What can be done to strengthen the organization?  A key first step is to do a “comprehensive organizational assessment.”   This is much more than just a review of financial statements.  It involves an assessments of the entire organization including its business foundation (business definition, strategic mission, and core strategy) as well as the key strategic building blocks that we have determine account for long term organizational and financial success.  A discussion of this is beyond the scope of the current article, but interested readers can view our book-- Growing Pains: Building Sustainably Successful Organizations.[9]

Once the assessment is completed, objectives must be set for improving the observed weaknesses, which are typically found in management systems including planning, organizational structure, management development, performance management, and culture management.  Again Uber seems to be a classic example of the need for this process.



A comprehensive treatment of the problems encountered in The Uber Syndrome would take a great deal more analysis and prescription than written here.  We have provided a full treatment in our book cited above.  Nevertheless, recognition of a problem is the fist key step towards its solution!

Travis Kalanick, CEO of Uber, seems to have recognized the problem.  Time will tell if the problem is solved at Uber. 

Meanwhile, readers can assess whether they and their own organizations might be experiencing The Uber Syndrome.

[1] For a discussion of the rise and decline of Osborne Computer, see Eric Flamholtz and Yvonne Randle, Growing Pains: Building Sustainably Successful Organizations, Wiley, 2016.
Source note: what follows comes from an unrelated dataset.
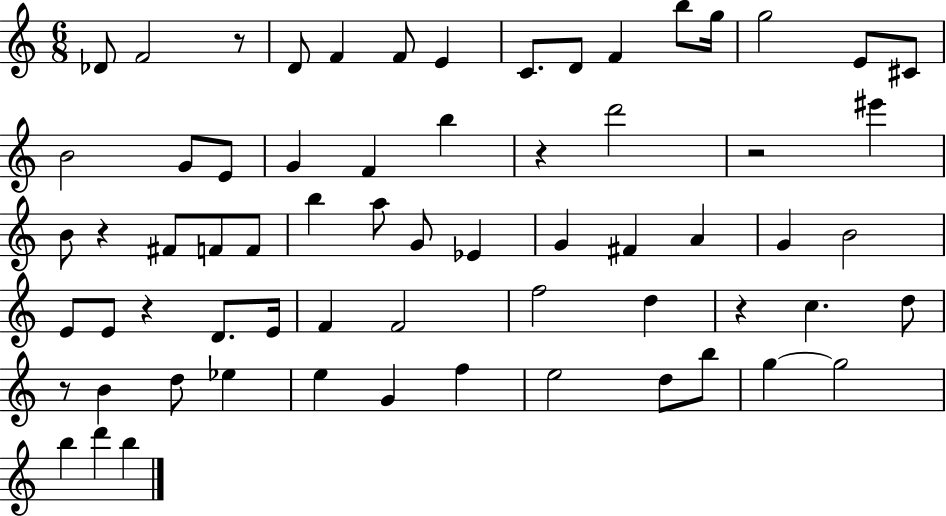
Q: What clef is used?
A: treble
[2] Michael Hiltzik, Los Angeles Times, Business, Thursday March 2, 2017, p. 1, 4. 

[3] Ibid.

[4] Ibid.

[5] See Eric Flamholtz and Yvonne Randle, Growing Pains: Building Sustainably Successful Organizations, Wiley, 2016, especially chapter 1 and 9.

[6] Ibid., Chapter 5.

[7] Ibid., Chapter 5.

[8] For a discussion of the classic 7 key stages of growth, see Eric Flamholtz and Yvonne Randle, Growing Pains: Building Sustainably Successful Organizations, Wiley, 2016.

[9]Eric Flamholtz and Yvonne Randle, Growing Pains: Building Sustainably Successful Organizations, Wiley, 2016.